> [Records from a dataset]
▶

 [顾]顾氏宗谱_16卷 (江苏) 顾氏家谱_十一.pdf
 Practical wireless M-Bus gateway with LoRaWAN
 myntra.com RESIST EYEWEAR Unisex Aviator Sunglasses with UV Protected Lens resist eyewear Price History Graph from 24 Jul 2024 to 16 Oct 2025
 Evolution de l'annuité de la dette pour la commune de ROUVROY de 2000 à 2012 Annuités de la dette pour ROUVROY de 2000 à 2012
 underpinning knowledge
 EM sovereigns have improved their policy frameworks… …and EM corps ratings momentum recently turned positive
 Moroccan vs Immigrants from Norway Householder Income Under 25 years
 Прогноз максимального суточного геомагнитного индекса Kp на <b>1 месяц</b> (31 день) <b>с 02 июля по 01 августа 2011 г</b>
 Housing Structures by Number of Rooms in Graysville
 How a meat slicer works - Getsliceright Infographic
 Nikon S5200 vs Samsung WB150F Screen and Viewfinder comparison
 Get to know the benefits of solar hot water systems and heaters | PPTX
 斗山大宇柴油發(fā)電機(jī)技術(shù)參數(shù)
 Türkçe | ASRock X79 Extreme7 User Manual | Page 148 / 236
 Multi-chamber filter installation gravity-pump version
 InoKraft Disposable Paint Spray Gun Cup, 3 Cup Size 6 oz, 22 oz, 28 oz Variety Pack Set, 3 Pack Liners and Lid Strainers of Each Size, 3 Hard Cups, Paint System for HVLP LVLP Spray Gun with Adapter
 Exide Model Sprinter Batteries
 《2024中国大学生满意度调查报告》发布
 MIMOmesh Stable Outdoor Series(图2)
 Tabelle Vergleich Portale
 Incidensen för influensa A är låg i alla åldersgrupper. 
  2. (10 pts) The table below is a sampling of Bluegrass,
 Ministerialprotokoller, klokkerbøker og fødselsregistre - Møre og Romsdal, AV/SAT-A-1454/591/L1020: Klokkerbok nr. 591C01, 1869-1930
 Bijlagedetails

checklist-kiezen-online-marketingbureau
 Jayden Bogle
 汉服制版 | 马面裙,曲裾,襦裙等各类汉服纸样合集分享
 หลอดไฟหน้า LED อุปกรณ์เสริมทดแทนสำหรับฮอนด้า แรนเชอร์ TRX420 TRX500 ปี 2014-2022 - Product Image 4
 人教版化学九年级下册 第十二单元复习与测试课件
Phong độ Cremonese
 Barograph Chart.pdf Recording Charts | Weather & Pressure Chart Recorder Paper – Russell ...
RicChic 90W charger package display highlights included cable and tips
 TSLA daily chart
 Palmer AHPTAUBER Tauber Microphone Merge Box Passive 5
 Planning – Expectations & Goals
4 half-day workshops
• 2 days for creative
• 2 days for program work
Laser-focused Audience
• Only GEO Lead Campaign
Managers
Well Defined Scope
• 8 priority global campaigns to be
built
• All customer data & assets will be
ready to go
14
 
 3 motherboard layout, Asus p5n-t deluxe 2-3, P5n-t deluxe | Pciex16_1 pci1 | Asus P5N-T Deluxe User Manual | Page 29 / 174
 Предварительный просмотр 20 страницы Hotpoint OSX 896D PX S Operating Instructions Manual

◀

> [WHAT YOU NEED TO DO]
The answer must be exactly the lines from the one containing "MIMOmesh Stable Outdoor Series(图2)" through the final line of the data, both ends included, and nothing else.

> [TASK SOLUTION]
 MIMOmesh Stable Outdoor Series(图2)
 Tabelle Vergleich Portale
 Incidensen för influensa A är låg i alla åldersgrupper. 
  2. (10 pts) The table below is a sampling of Bluegrass,
 Ministerialprotokoller, klokkerbøker og fødselsregistre - Møre og Romsdal, AV/SAT-A-1454/591/L1020: Klokkerbok nr. 591C01, 1869-1930
 Bijlagedetails

checklist-kiezen-online-marketingbureau
 Jayden Bogle
 汉服制版 | 马面裙,曲裾,襦裙等各类汉服纸样合集分享
 หลอดไฟหน้า LED อุปกรณ์เสริมทดแทนสำหรับฮอนด้า แรนเชอร์ TRX420 TRX500 ปี 2014-2022 - Product Image 4
 人教版化学九年级下册 第十二单元复习与测试课件
Phong độ Cremonese
 Barograph Chart.pdf Recording Charts | Weather & Pressure Chart Recorder Paper – Russell ...
RicChic 90W charger package display highlights included cable and tips
 TSLA daily chart
 Palmer AHPTAUBER Tauber Microphone Merge Box Passive 5
 Planning – Expectations & Goals
4 half-day workshops
• 2 days for creative
• 2 days for program work
Laser-focused Audience
• Only GEO Lead Campaign
Managers
Well Defined Scope
• 8 priority global campaigns to be
built
• All customer data & assets will be
ready to go
14
 
 3 motherboard layout, Asus p5n-t deluxe 2-3, P5n-t deluxe | Pciex16_1 pci1 | Asus P5N-T Deluxe User Manual | Page 29 / 174
 Предварительный просмотр 20 страницы Hotpoint OSX 896D PX S Operating Instructions Manual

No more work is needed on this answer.